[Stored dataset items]
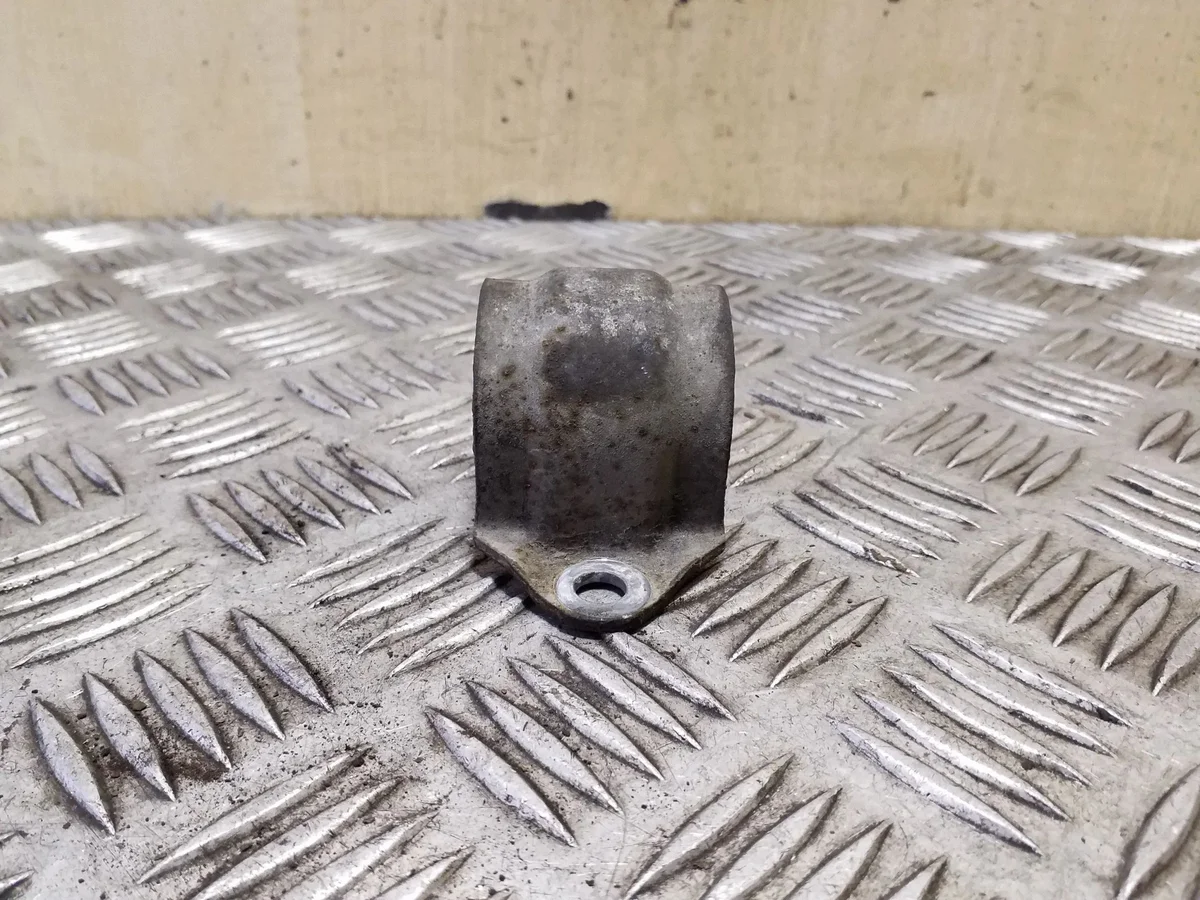 BMW X1 E84 Stabilisatorhalterung Hinten VAL211460 image 3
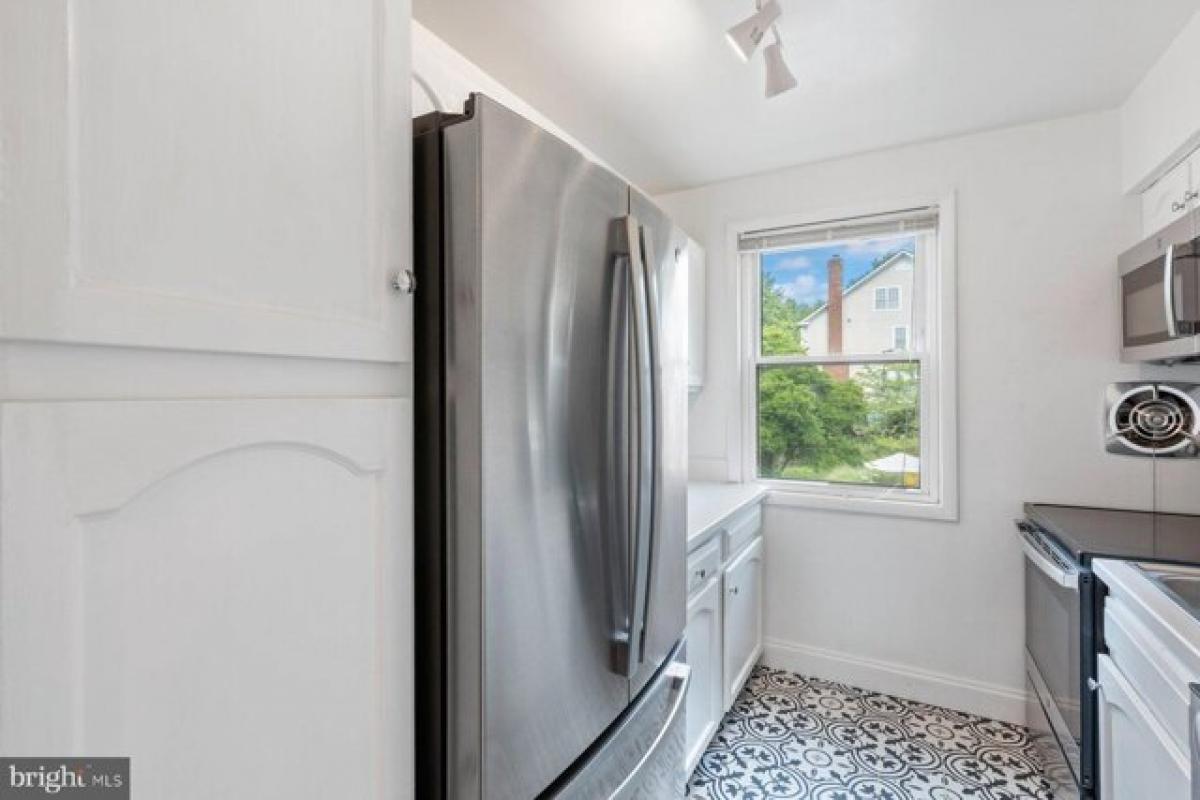 Picture of Home For Sale in Cabin John, Maryland, United States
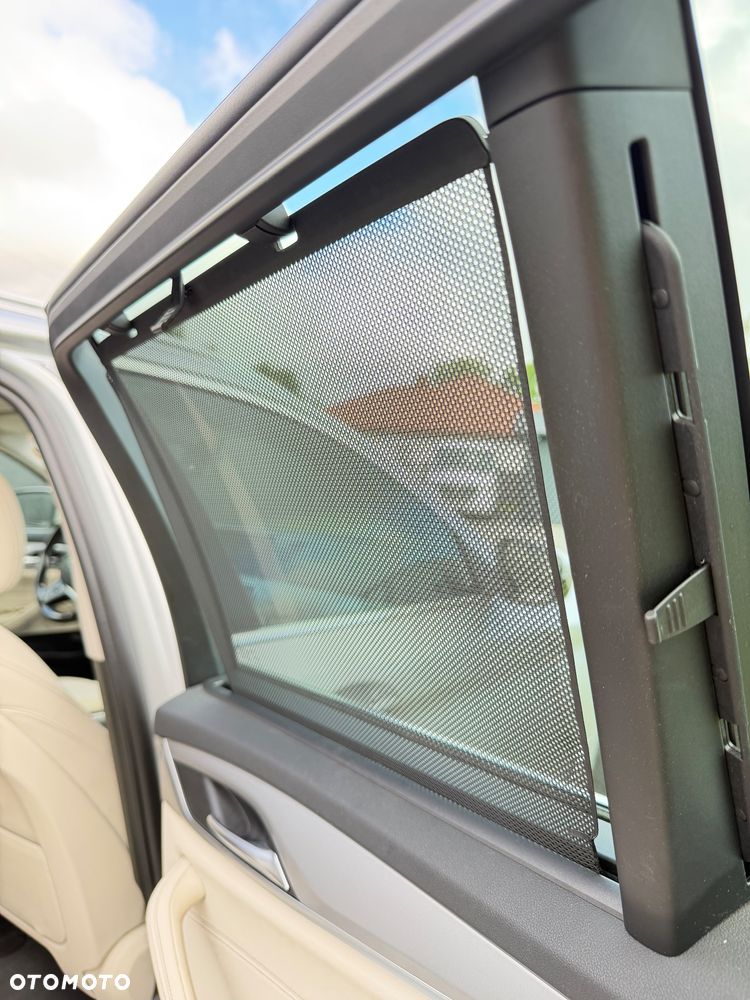 BMW Seria 5 520d Sport Line - 11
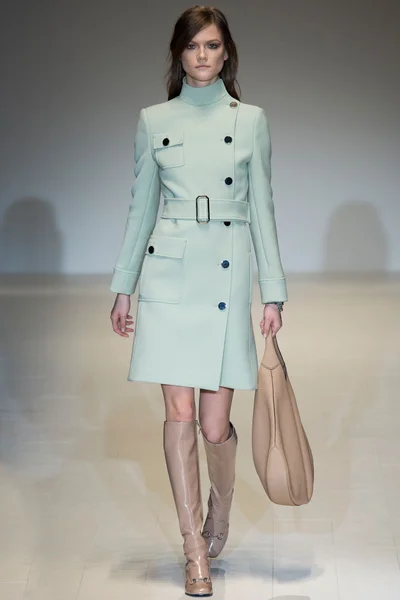 Look 9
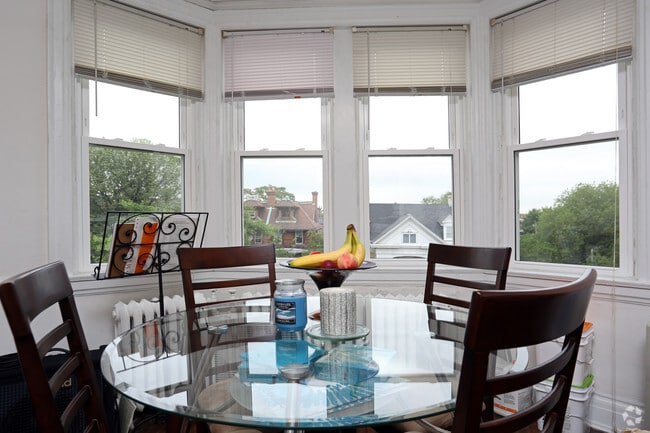 1 Bedroom-Dining Room - Spruce Manor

Problem statement:
Please output the lines of the records above from the one with "BMW Seria 5 520d Sport Line - 11" through the last, exactly as they appear and with both ends included; skip any pictures and add nothing.

Response to this exercise:
 BMW Seria 5 520d Sport Line - 11
 Look 9
 1 Bedroom-Dining Room - Spruce Manor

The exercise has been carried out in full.